# The Ubuntu Forum Community > Ubuntu Specialised Support > Security > [ubuntu] How do I remove my startup password ?

## Rick Abraham

Hi guys Im using Ubuntu on my home computer and security isnt an issue for me.
So Im wanting to know if there is someway to remove the feature where it ask's me for my password when I boot up, I would even like to remove the user name feature aswell.
So then the kids can just turn the machine on and it boots to the desktop.
Any help would be great

----------


## overdrank

Forum policy on log-in-as-root tutorials

----------


## overdrank

From the policy



> Policy
> Tutorials explaining how to enable the root account for a graphical login or autologin will not be supported on the forums and will be moved to the Jail. Although we believe people should have the freedom to run their computers however they want, we also believe in supporting Ubuntu's security model.
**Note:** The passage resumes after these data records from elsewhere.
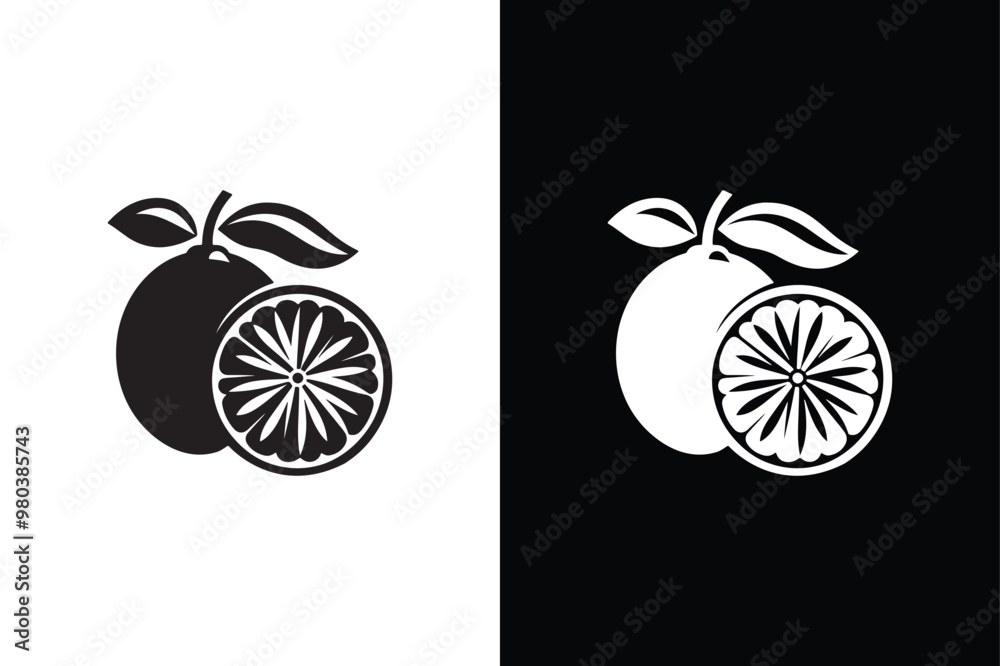 Lemon Light Silhouette Art in Minimalist Style. Lemon Light Silhouette Art in Minimalist Style.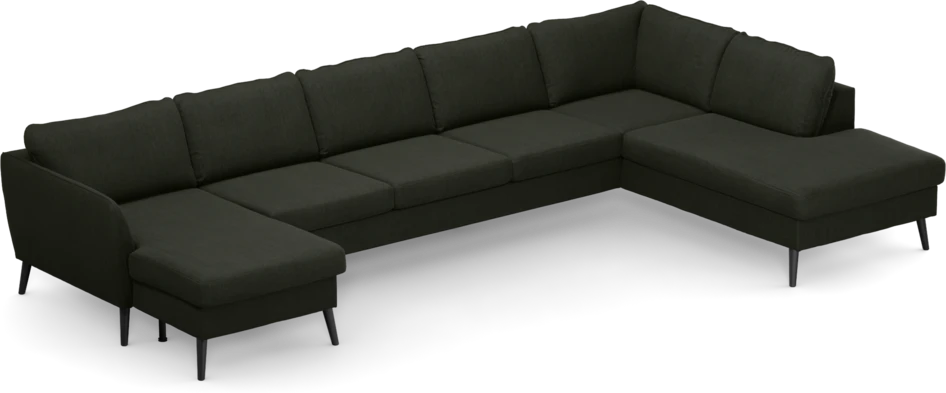 County - 4-sits soffa med schäslong vänster och divan höger - Grön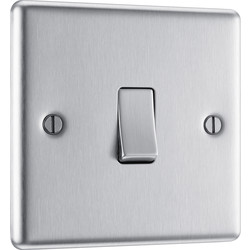 BG BG Brushed Steel 10A Switch 1 Gang Intermediate - 85798 - from Toolstation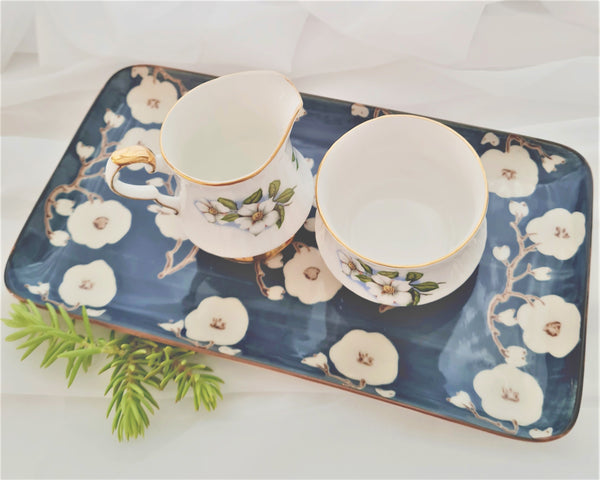 Royal Windsor Creamer & Sugar Bowl with Stoneware Tray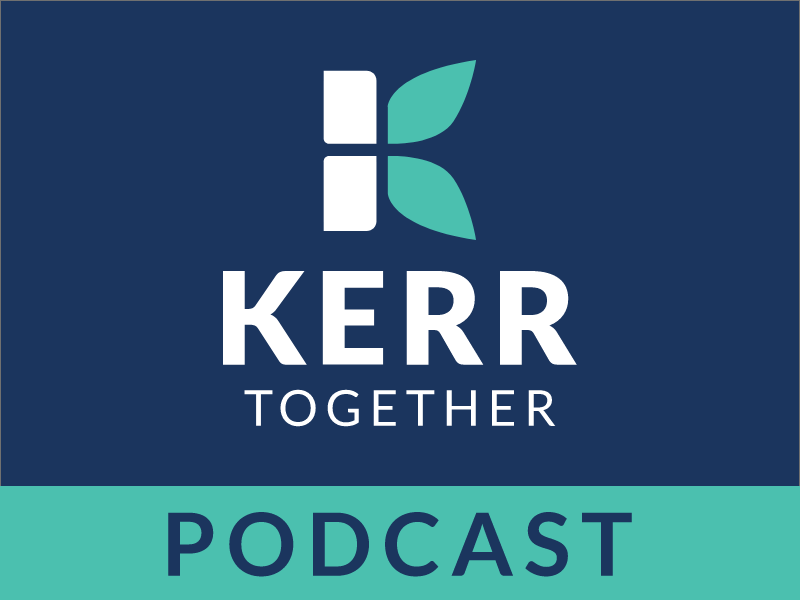 A logo for the Kerr Together Podcast featuring a stylized 'K' with a leaf and the text 'Kerr Together Podcast' below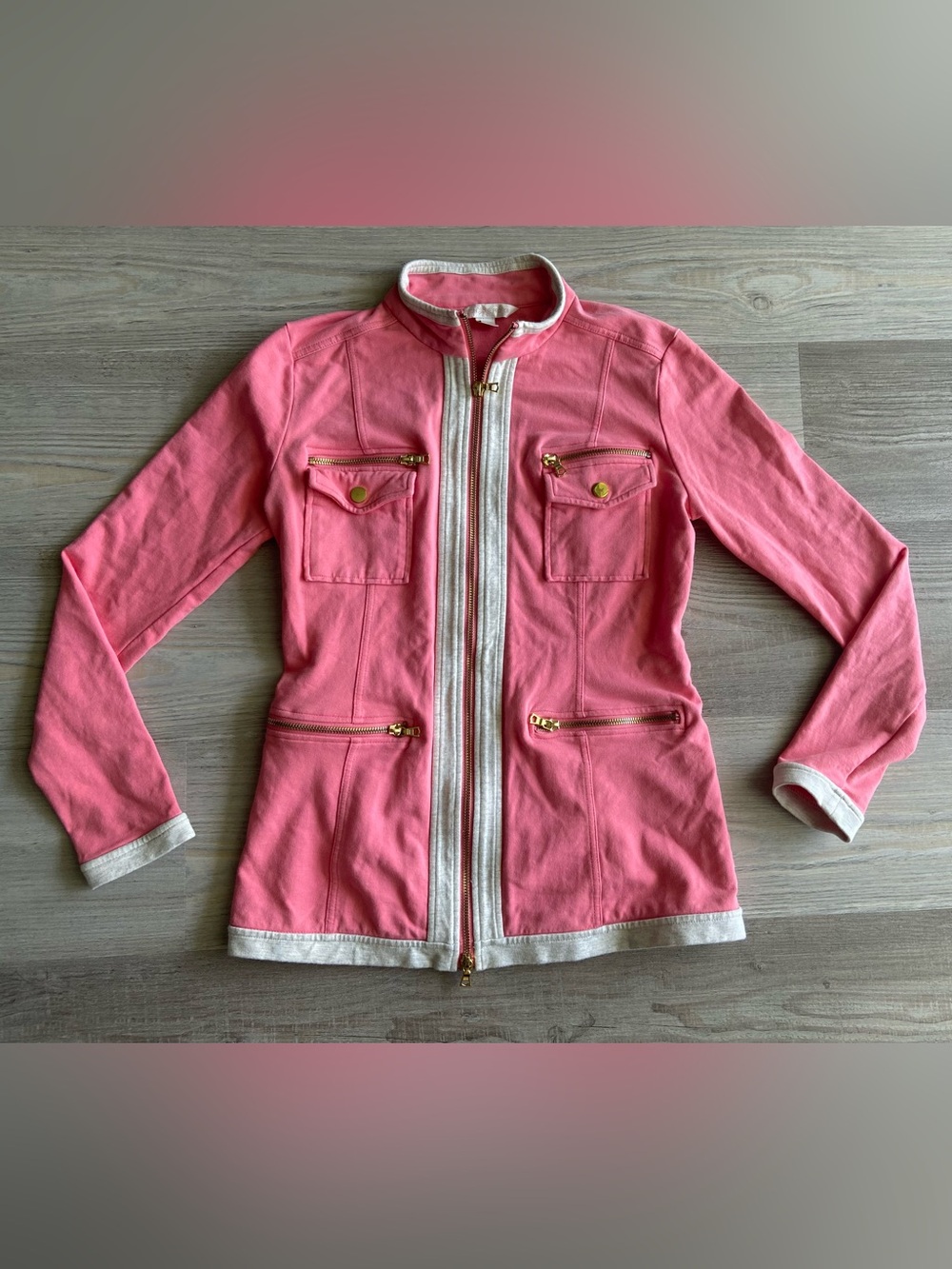 Boston Proper Pink Full Zip Sport Utility Jacket Contrast Trim Gold Detail XS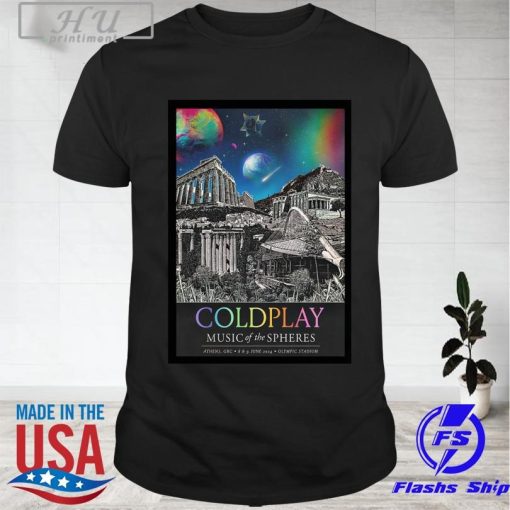 Coldplay music of the spheres tour 2024 olympic stadium athens grc shirt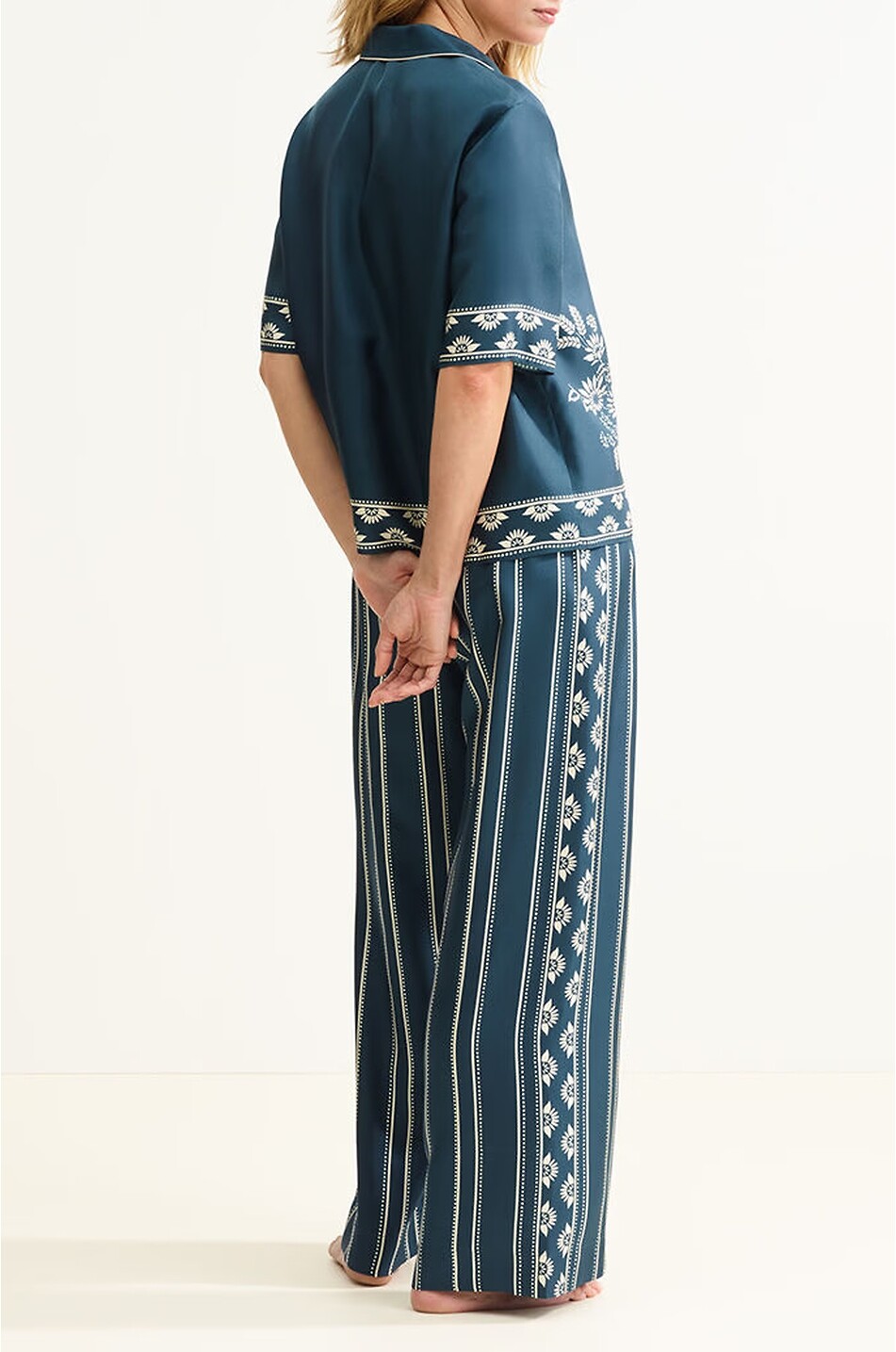 ERES Chemise de pyjama en soie imprimée Mentholée Femme BLEU 4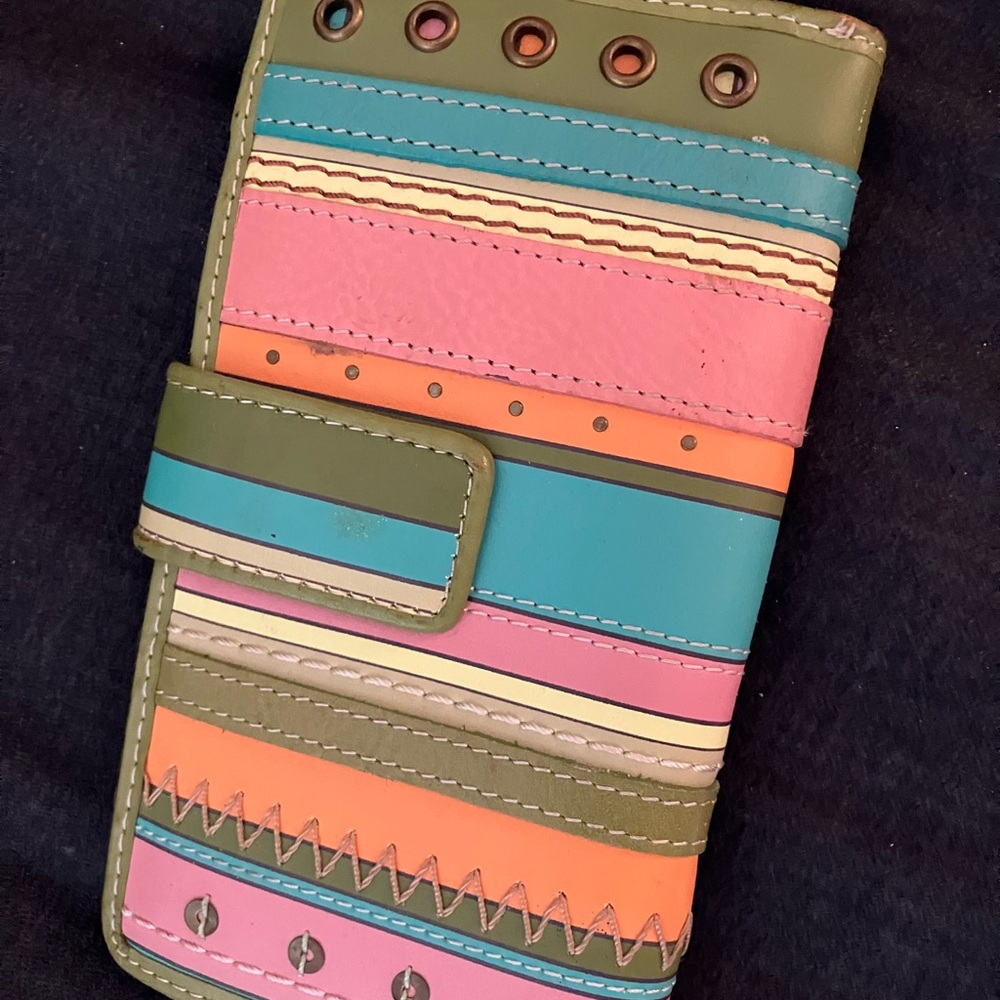 Fossil colorful, leather stripes wallet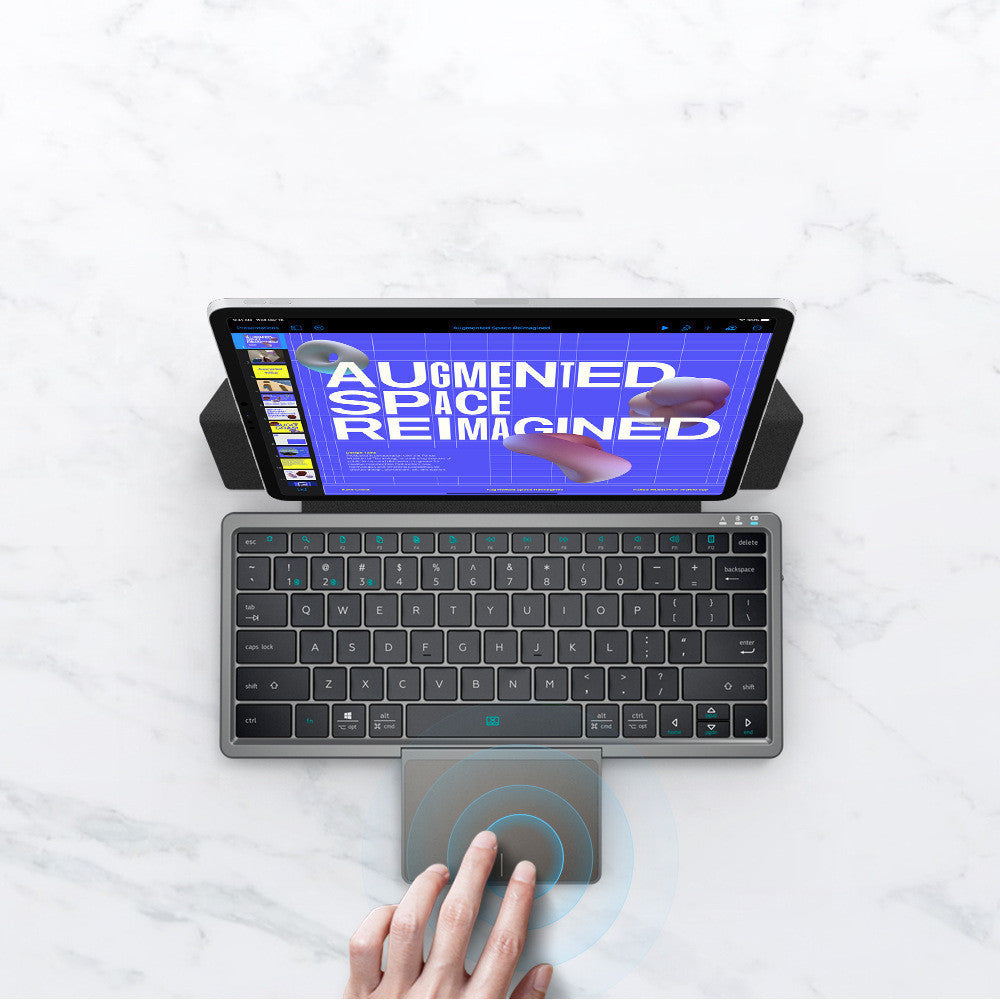 Portable wireless Bluetooth keyboard with built-in concealable touchpad, compact and sleek design for mobile and desktop use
You can find or post information elsewhere on the internet regarding graphical Ubuntu root logins; such tutorials do not have to be hosted on the Ubuntu Forums.

----------


## Bachstelze

Thread re-opened.

----------


## snakeman21

So are we recognizing that the OP just wants an auto-login for a USER account, and not a ROOT account, so I can answer this again?  Last time, my post was deleted, when clearly this is a question about an auto login for a user account, and therefore does not violate the policy.

I will answer in a separate post, so if it's deleted, this argument is still here.

----------


## snakeman21

Go to System > Administration > Login Window and click the "Security" tab.  Activate the first option (enable automatic login) and select the correct user name from the drop-down menu.  Click close, and you are all done.  

*NOTE:  This will NOT disable your security completely.  You will still need to enter your password to perform administrative tasks.  All this does is activate auto-login.

----------